Unlabelled: The influence of genetic ancestry on genomics in T-cell acute lymphoblastic leukemia (T-ALL) has not been fully explored. We examined the impact of genetic ancestry on multiomic alterations, survival outcomes, and risk stratification. Among 1,309 children and young adults with T-ALL treated on the Children's Oncology Group trial AALL0434, the prognostic value of five commonly altered T-ALL genes varied by ancestry-including NOTCH1, which was associated with superior overall survival for patients of European ancestry but was nonprognostic among patients of African ancestry. Integrating genetic ancestry with published T-ALL risk classifiers, we identified that an X01 penalized Cox regression classifier stratified patients regardless of ancestry, whereas a European multigene classifier misclassified patients of certain ancestries. Overall, 80% of patients harbored a genomic alteration in at least one gene with differential prognostic impact in an ancestry-specific manner. These data demonstrate the importance of incorporating genetic ancestry into genomic risk classification.

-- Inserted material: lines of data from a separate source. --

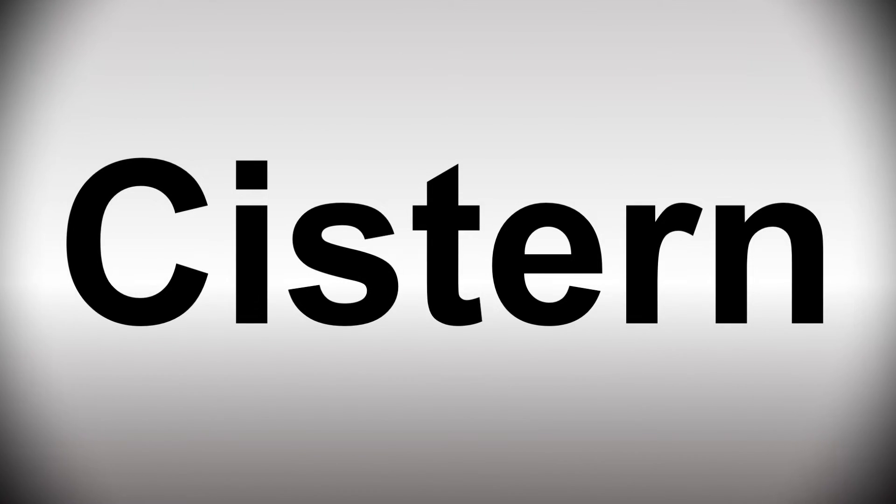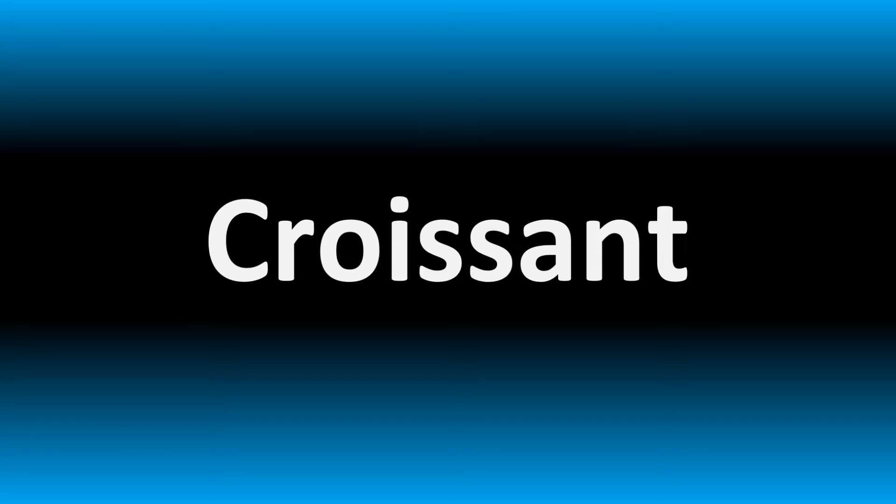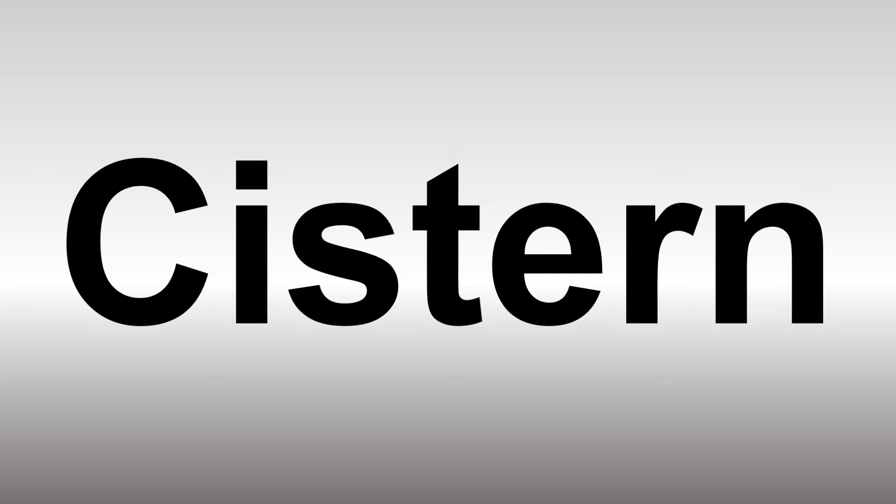We are looking at how to pronounce this word in more confusing vocabulary many mispronounce in English. So make sure to stay tuned to learn more and become part of the community.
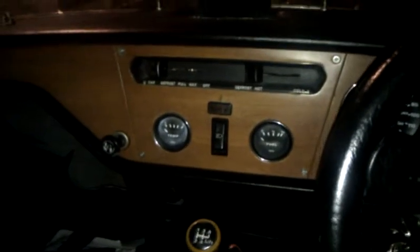This is a 1978 Triumph Spitfire. It shows 87,000 miles but it's actually on its third engine now, and it's still very poorly.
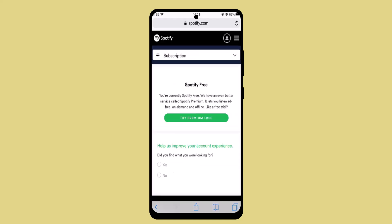From the list, go ahead and tap on Subscription. As you click on it, you'll be able to find an option. Go ahead and tap on Try Premium Free, and once you do that, you'll be asked to provide your card details.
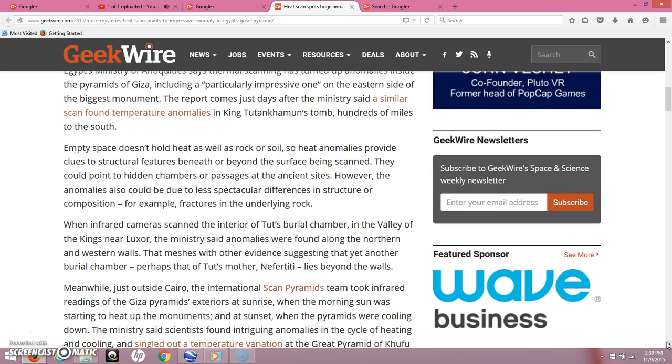Empty space doesn't hold heat as well as rock or soil, so heat anomalies provide clues to structural features beneath or beyond the surface being scanned. They could point to hidden chambers or passages at the ancient sites. However, the anomalies could be due to less spectacular differences in structure or composition, for example, fractures in the underlying rock.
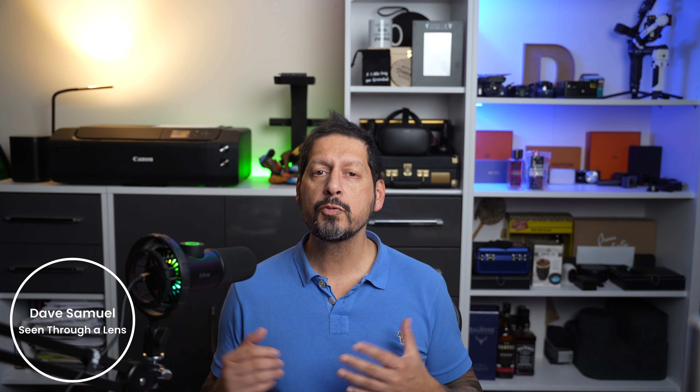What's up YouTube, Dave here with Scene Through Lens and thanks for stopping by the channel. We make lifestyle videos and all things tech, so if that's your kind of thing, please consider subscribing to the channel and clicking on the bell icon so you could be notified of new videos.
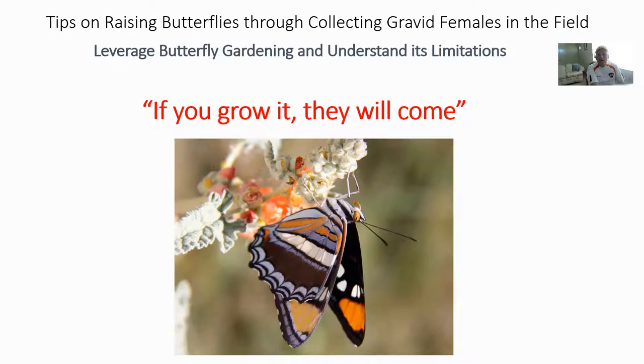We've all heard the meme: if you grow it, they will come. Butterfly gardening is going to be very popular. However, what many may not understand is when, where, and why butterfly gardening is productive — and when, where, and why it is not productive. That's kind of what I want to talk about.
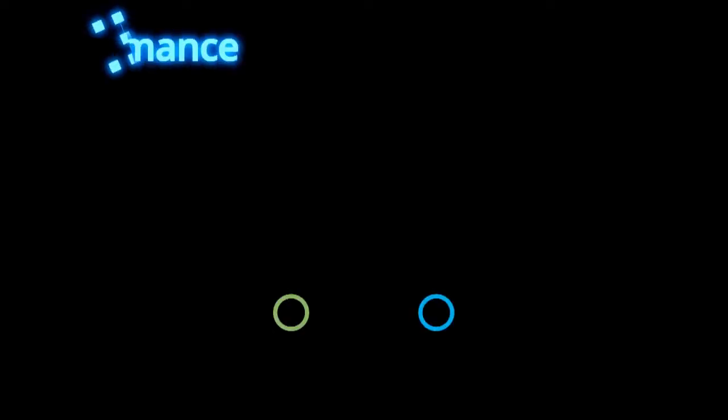We believe that IBM is the leading computing company of the world, and for them to back GPUs is terrific. Tesla K40 is an absolutely fabulous new product.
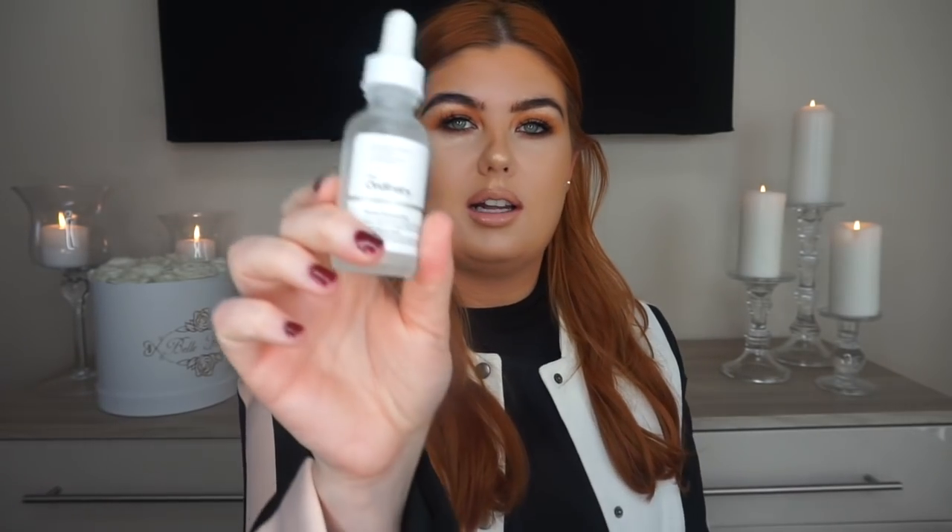Moving on to hydrators - I've only got two because I was only obsessed with two this year. First is the Ordinary Marine Hyaluronics - easily one of the most used products I own. For about five or six pounds this is amazing - it's literally like water. I've recommended it to so many people and they come back saying it's life-changing. You use it after cleansing and toning, let it soak in, then go in with your treatments. Really good especially for dehydrated or dry skin. I stocked up with three bottles on Black Friday.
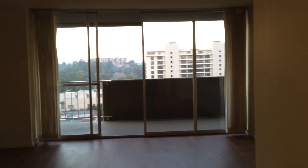It looks into the living room, and as you'll notice, it does have the floor-to-ceiling windows.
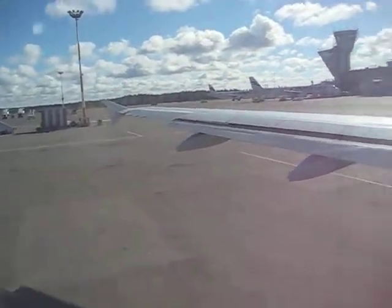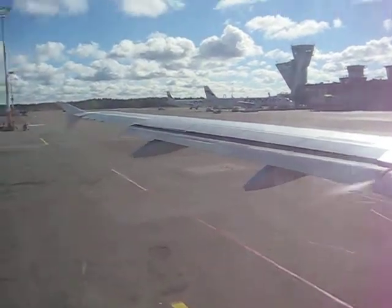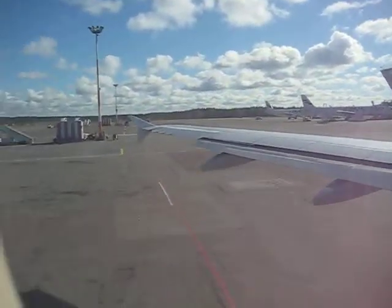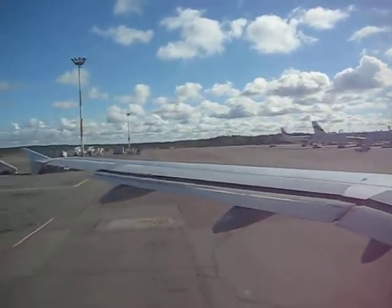As unexpected turbulence may occur at any time, for your own safety, we kindly ask you to avoid spending excess time in the aisles and exit areas during the flight.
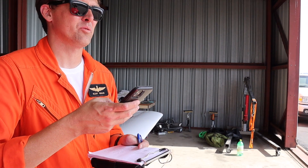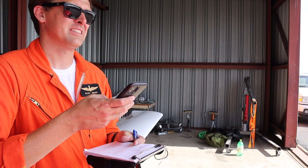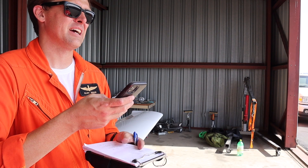Bailout altitudes. We'll use 4,000 — out of control below 4,000, we're going for the door. That gives me 3,000 feet. Let's make it five. Out of control below 5,000.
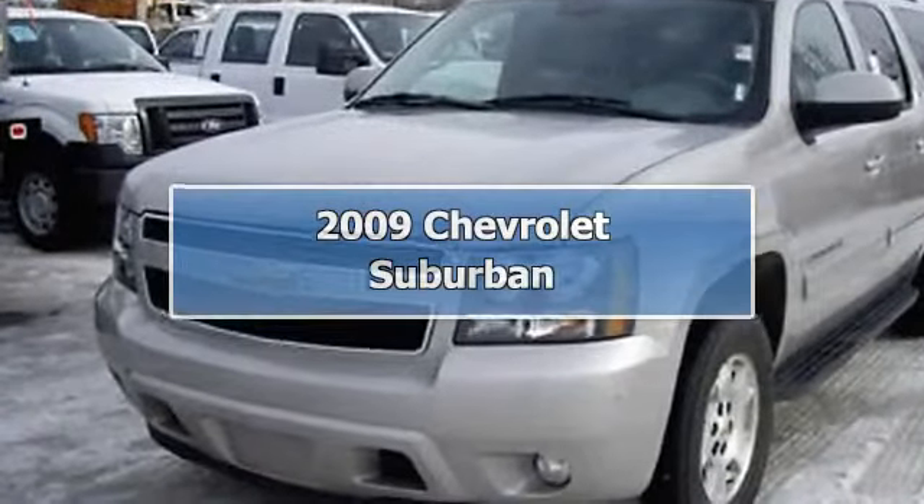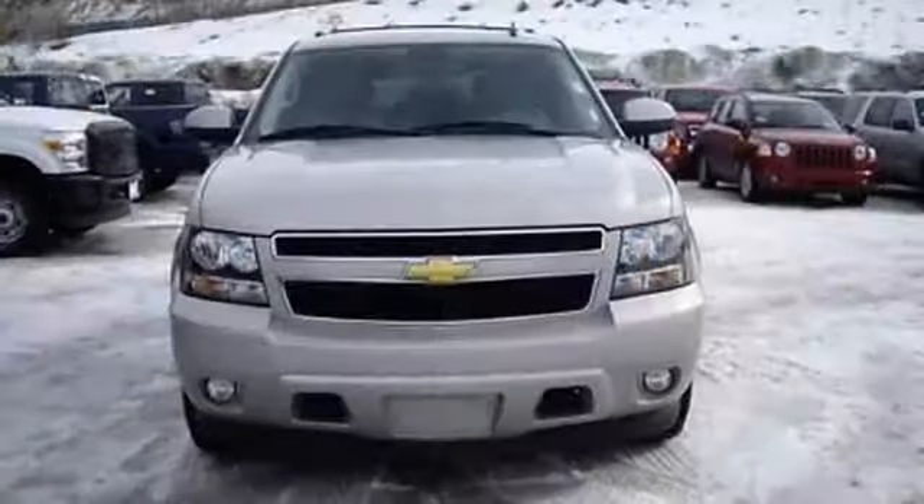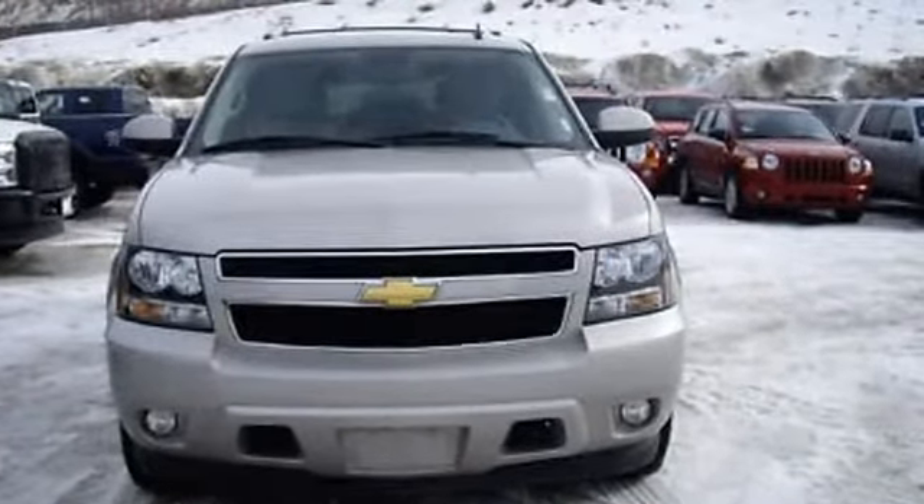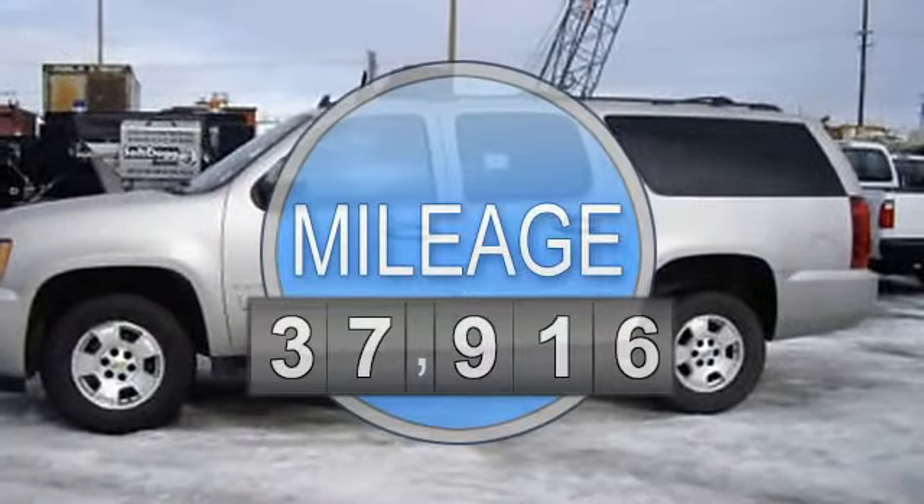2009 Chevrolet Suburban SU5. This vehicle features the following equipment: automatic transmission, 5.3 liter 8-cylinder 310 horsepower engine.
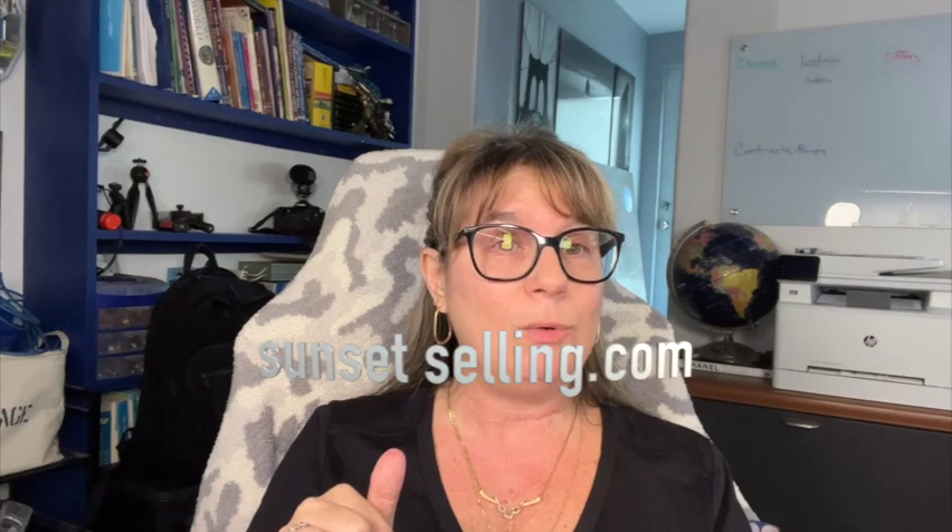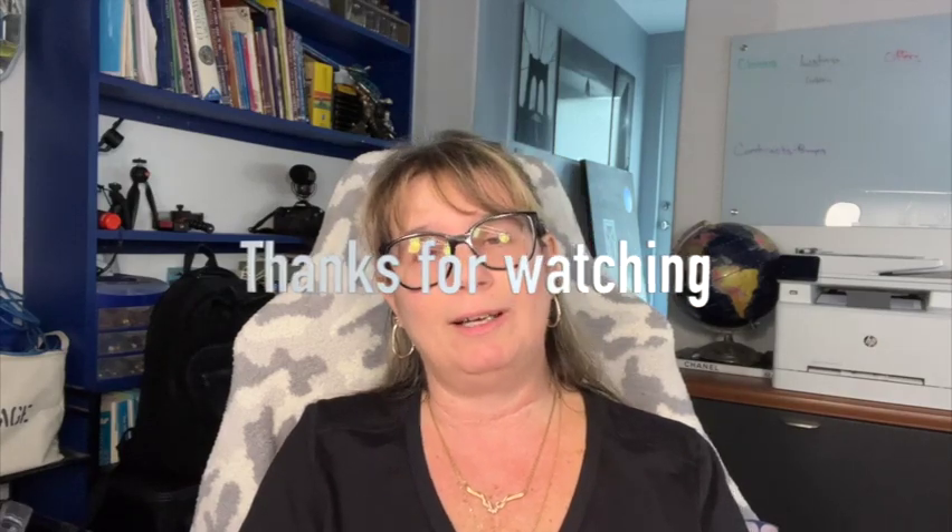Hey guys, welcome back to my little studio. Thanks for coming along with me on the house tour — I love seeing what's inside, don't you? I'm a little nosy. If you enjoy these tours, I would love if you'd click the red subscribe button and the like button — that would help me grow my channel. If you know anybody looking to buy, sell, or invest in real estate, I would love to talk to you or your friends. All my info will be linked down below, and if you're ever in the Spring Hill area, maybe we could get a coffee and chat about real estate. Have a great weekend everybody — I'll see you next week, bye!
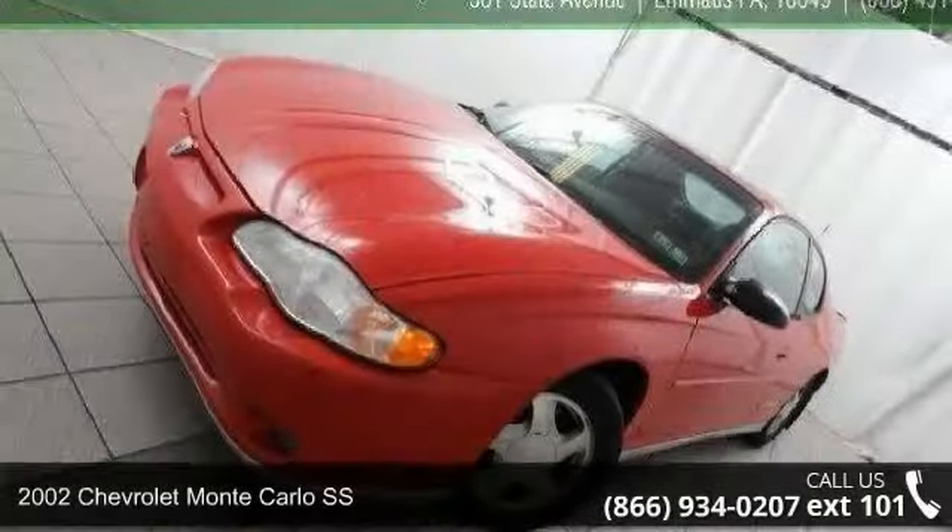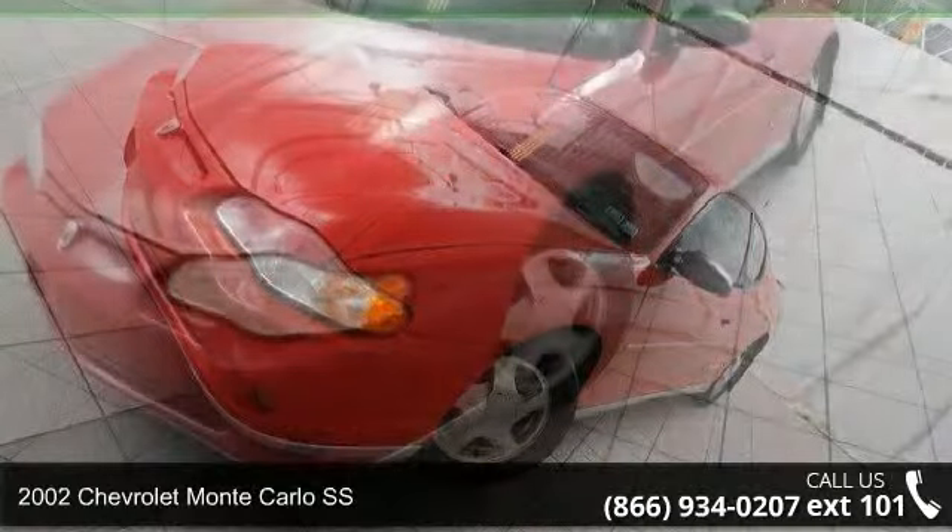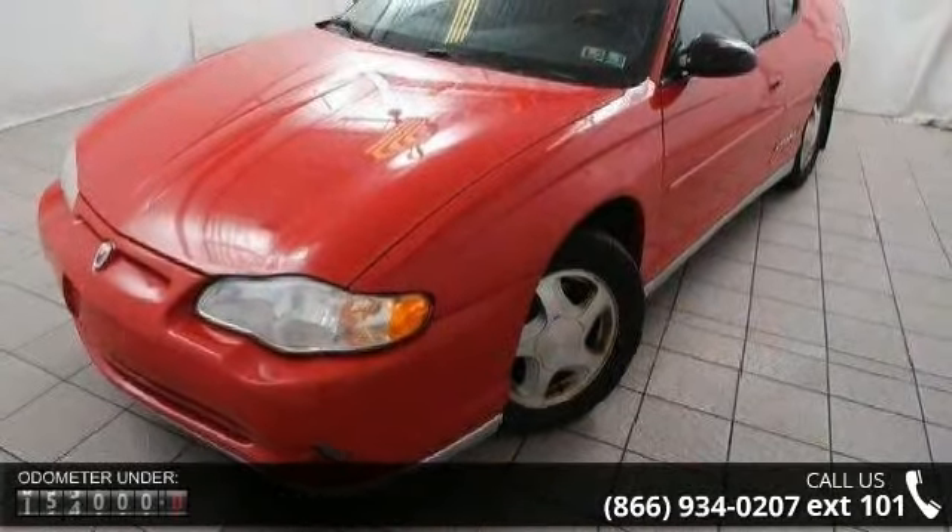Imagine yourself in this 2002 Chevrolet Monte Carlo SS. If you are looking for an automobile with great features, look no further.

Significance: There is a lack of studies examining the prognostic significance of genomic features by genetic ancestry in T-ALL, especially in non-European ancestral groups. In this study, we demonstrate how the prognostic value of individual alterations differs by genetic ancestry, warranting future studies to identify germline alleles affecting these associations. See related commentary by de Smith, p. xxx.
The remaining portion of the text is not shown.